We The People (detail) (2011-16), by Danh Vo. Photo: Enid Tsui

We The People (detail) (2011-16), by Danh Vo

This fragment of We The People, Danh Vo’s full-scale replica of the Statue of Liberty, is a potent symbol of the fragmentation of politics around the world today and the idea that democracy is open to interpretation. The original statue’s transnational roots and its significance in the history of immigration resonate with the Vietnam-born Danish artist.

The 260 pieces of We The People were fabricated in China and not intended to be exhibited together as a complete sculpture. It appears to show that democracy is always a work in progress.

B2, Found Space

Crucified TVs – Not A Prayer In Heaven (2018), by Young-Hae Chang Heavy Industries. Photo: Enid Tsui

Crucified TVs – Not a Prayer in Heaven (2021), by Young-Hae Chang Heavy Industries

This work by Korean artist duo Young-Hae Chang Heavy Industries is the only art on show in the Focus Gallery. The crucifix is made up of digital screens, with phrases in written Cantonese such as “Ho Yeh”, meaning hurrah, and in English (“Oh Yeah!”) flashing through the video displays with a semi-human chorus blaring out from speakers.

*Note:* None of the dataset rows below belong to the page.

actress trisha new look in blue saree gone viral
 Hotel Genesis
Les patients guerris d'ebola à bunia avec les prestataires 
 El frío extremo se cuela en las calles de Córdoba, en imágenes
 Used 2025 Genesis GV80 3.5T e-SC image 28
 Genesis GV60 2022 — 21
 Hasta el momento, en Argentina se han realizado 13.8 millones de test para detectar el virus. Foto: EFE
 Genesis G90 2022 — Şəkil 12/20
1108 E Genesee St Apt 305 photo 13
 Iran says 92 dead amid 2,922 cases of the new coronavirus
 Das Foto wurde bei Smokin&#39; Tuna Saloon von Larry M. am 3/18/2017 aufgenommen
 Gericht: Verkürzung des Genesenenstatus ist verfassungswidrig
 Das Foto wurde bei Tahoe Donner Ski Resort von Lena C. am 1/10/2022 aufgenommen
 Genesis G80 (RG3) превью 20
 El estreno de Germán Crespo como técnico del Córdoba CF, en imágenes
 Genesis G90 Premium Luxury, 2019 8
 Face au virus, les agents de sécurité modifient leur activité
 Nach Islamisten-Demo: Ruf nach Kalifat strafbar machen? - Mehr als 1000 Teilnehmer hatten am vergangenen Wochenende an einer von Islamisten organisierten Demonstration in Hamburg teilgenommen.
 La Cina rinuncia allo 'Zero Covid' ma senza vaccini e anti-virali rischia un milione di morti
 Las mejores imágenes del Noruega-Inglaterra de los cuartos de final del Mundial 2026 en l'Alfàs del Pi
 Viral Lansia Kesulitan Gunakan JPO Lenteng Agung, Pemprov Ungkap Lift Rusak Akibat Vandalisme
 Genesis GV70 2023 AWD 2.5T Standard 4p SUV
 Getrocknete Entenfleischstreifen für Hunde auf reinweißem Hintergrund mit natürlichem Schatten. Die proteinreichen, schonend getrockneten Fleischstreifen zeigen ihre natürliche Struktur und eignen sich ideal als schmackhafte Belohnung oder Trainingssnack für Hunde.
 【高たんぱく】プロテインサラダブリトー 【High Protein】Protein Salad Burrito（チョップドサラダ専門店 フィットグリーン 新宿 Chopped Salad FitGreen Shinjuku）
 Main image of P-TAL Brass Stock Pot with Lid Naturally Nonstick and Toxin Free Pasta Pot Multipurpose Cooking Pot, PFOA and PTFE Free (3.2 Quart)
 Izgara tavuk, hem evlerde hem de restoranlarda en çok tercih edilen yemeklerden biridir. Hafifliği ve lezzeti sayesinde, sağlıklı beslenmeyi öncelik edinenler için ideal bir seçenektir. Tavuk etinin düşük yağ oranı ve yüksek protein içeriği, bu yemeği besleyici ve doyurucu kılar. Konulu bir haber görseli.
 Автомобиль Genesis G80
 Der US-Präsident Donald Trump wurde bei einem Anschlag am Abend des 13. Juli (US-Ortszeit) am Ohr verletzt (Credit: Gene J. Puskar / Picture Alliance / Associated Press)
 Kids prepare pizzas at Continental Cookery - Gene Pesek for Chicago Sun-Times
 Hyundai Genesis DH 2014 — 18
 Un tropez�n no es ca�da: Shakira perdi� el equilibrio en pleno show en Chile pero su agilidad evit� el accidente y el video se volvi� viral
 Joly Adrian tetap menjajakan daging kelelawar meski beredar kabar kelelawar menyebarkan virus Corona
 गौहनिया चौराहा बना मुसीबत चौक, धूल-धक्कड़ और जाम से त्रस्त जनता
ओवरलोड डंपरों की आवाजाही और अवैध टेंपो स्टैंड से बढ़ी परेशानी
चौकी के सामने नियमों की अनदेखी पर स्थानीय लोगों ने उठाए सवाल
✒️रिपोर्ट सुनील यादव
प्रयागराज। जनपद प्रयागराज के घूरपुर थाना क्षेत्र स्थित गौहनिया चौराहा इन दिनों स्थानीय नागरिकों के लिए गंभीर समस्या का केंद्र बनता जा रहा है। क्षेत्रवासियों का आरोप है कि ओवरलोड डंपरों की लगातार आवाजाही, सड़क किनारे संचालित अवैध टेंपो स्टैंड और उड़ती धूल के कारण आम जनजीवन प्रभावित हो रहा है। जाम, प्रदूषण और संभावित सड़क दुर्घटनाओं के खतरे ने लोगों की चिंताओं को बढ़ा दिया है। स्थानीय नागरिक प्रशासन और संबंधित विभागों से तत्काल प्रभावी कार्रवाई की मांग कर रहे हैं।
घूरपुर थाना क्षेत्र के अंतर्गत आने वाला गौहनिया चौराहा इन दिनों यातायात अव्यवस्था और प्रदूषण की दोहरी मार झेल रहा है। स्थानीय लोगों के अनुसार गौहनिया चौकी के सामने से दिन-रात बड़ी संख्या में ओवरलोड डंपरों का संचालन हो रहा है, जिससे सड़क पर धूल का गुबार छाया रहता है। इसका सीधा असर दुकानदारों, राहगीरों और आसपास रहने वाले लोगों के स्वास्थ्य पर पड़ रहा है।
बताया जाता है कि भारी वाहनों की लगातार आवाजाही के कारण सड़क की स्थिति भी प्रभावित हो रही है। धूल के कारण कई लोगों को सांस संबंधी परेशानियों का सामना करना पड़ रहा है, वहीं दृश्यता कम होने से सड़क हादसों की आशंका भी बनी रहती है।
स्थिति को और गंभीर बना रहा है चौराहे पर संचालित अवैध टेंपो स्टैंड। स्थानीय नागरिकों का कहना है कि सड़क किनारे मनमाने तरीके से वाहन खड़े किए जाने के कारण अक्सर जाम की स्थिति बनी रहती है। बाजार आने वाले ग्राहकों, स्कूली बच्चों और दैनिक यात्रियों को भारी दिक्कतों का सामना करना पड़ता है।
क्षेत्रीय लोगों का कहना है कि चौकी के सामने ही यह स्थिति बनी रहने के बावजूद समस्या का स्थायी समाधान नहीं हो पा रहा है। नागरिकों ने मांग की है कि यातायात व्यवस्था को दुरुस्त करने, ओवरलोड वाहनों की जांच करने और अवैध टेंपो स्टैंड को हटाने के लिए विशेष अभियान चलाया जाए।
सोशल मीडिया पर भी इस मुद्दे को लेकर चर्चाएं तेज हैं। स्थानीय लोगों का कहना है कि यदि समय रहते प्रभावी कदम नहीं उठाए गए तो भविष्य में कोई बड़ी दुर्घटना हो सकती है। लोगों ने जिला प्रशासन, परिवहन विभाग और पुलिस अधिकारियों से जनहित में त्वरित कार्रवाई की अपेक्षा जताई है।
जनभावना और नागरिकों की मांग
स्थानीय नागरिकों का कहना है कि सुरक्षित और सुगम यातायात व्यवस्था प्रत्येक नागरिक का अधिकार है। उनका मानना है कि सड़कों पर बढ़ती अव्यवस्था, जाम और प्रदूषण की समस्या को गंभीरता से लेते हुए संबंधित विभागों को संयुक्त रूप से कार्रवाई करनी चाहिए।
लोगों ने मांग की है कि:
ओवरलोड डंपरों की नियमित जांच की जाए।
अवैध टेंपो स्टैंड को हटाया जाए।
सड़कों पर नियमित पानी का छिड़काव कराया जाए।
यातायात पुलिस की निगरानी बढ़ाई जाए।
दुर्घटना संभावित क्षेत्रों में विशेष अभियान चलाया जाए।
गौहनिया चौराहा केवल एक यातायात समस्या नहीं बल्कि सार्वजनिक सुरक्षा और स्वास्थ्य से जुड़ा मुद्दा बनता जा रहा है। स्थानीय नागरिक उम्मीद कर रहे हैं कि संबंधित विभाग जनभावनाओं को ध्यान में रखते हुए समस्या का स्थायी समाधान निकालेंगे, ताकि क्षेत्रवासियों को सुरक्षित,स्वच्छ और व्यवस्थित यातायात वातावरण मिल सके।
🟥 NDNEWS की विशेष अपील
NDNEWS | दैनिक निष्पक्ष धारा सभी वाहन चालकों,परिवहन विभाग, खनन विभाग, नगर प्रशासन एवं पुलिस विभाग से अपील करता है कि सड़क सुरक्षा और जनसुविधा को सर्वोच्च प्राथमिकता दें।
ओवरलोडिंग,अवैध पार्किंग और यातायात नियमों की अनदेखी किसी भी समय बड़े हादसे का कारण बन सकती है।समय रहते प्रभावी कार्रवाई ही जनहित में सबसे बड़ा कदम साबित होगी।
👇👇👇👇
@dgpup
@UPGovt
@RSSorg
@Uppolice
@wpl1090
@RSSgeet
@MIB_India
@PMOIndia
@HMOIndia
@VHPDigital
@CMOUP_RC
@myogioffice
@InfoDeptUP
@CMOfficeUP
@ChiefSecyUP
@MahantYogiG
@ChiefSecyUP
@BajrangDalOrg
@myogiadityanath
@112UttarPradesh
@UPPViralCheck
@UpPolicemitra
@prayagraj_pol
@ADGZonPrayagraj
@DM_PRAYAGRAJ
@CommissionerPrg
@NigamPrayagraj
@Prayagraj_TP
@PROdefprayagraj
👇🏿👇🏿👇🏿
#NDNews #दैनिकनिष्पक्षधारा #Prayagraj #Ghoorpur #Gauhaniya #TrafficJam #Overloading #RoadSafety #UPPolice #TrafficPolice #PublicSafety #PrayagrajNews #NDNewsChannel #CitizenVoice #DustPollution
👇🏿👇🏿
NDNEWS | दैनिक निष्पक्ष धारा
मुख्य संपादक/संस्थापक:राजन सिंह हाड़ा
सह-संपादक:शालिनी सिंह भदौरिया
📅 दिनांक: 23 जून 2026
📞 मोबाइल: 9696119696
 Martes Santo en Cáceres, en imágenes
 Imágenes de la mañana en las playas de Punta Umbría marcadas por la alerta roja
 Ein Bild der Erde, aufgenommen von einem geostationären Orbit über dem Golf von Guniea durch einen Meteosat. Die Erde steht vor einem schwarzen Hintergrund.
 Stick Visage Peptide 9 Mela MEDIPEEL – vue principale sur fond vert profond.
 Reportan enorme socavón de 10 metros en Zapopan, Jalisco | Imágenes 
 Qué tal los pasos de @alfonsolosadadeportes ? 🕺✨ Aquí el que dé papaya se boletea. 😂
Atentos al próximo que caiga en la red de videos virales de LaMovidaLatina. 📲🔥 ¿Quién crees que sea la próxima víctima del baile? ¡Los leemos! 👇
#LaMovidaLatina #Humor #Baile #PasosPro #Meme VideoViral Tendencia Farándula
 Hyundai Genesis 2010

The perfect Instagram spectacle is suitably celebratory and a great showcase for the artists after M+ acquired their entire output in 2018, including future creations that have yet to be conceived.

2/F, Focus Gallery

RMB City (2007-2011), by Cao Fei. Photo: Enid Tsui

RMB City (2007-2011), by Cao Fei

A futuristic space sectioned off from the rest of the design and architecture galleries presents Chinese artist Cao Fei’s seminal series in its full glory. Created in Second Life, an early online application that allows people to make avatars and their own imagined digital world, Cao’s fictional city is, according to her avatar China Tracy, “a condensed incarnation” of all contemporary Chinese cities.